>>
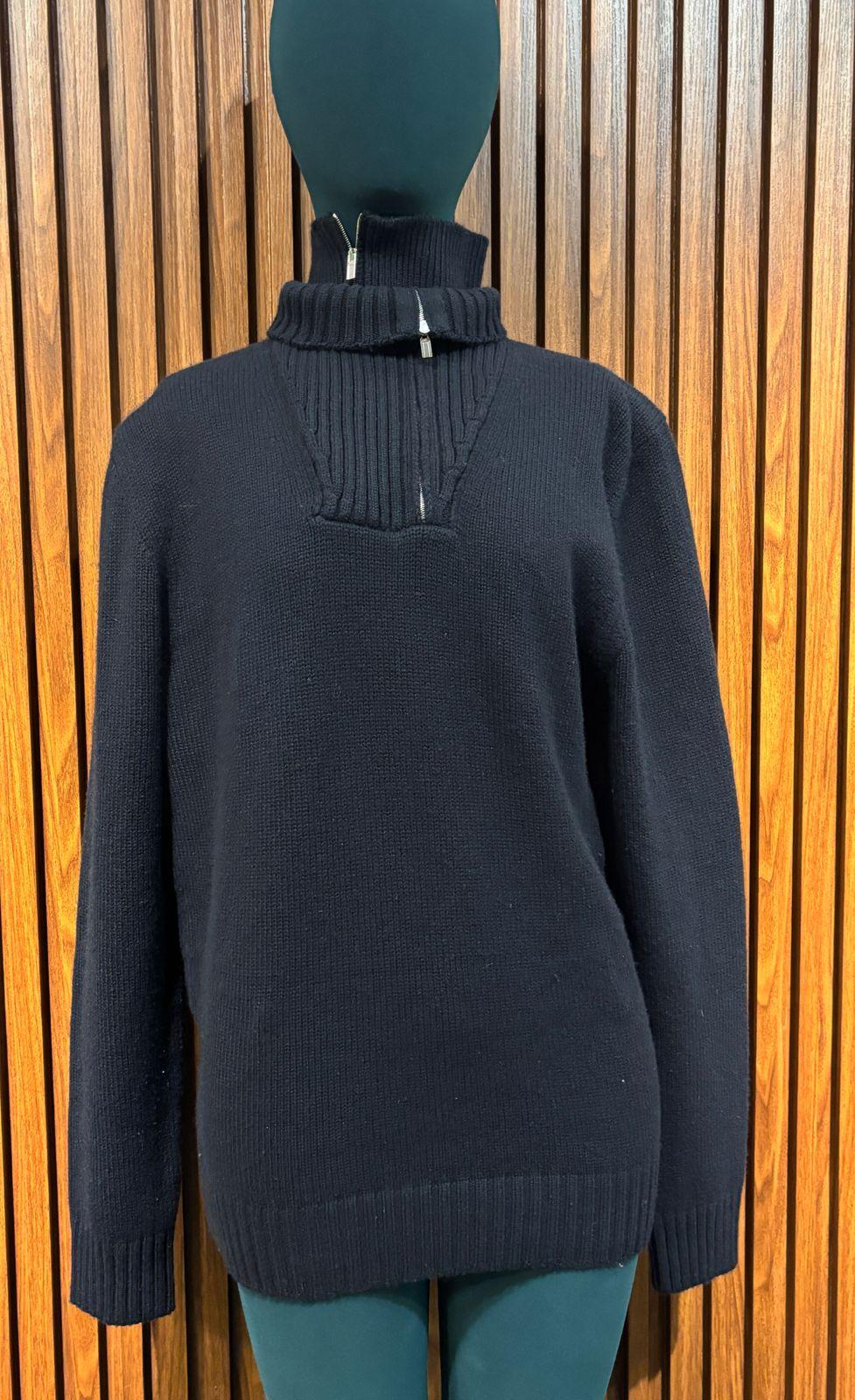 Hermes Hommes XL Cachemire Double Couche Zip Up Pull à col roulé en vente 5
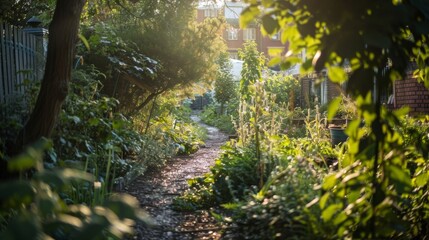 Fototapeta premium Sunlit garden path surrounded by lush green plants on a quiet morning, showcasing nature's peaceful beauty and inviting atmosphere.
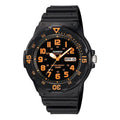 CASIO Sports Waterproof Shockproof Mens Black/Orange Analog MRW-200H-4B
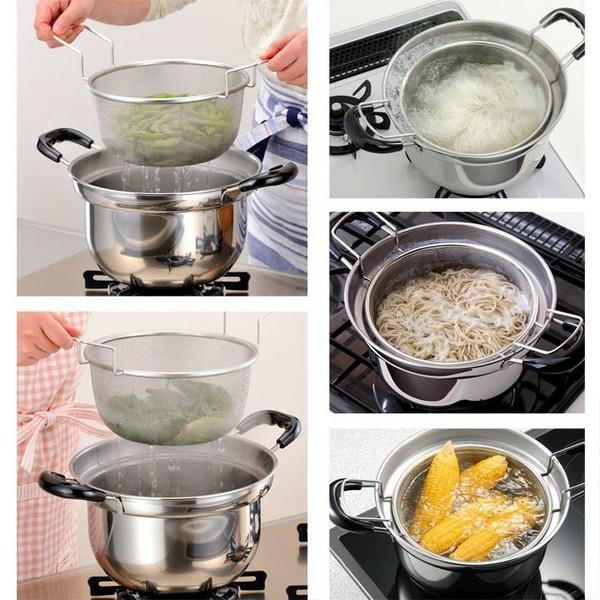 鍋 IH対応 ゆで名人 ザル付両手鍋 22cm 27045 下村企販 ステンレス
<<
* _WHAT TO DO_: The lines from the one containing "CASIO Sports Waterproof" through the final line of the data are to be repeated exactly, with both ends included and all pictures left out.

* _TASK RESPONSE_:
 CASIO Sports Waterproof Shockproof Mens Black/Orange Analog MRW-200H-4B
 鍋 IH対応 ゆで名人 ザル付両手鍋 22cm 27045 下村企販 ステンレス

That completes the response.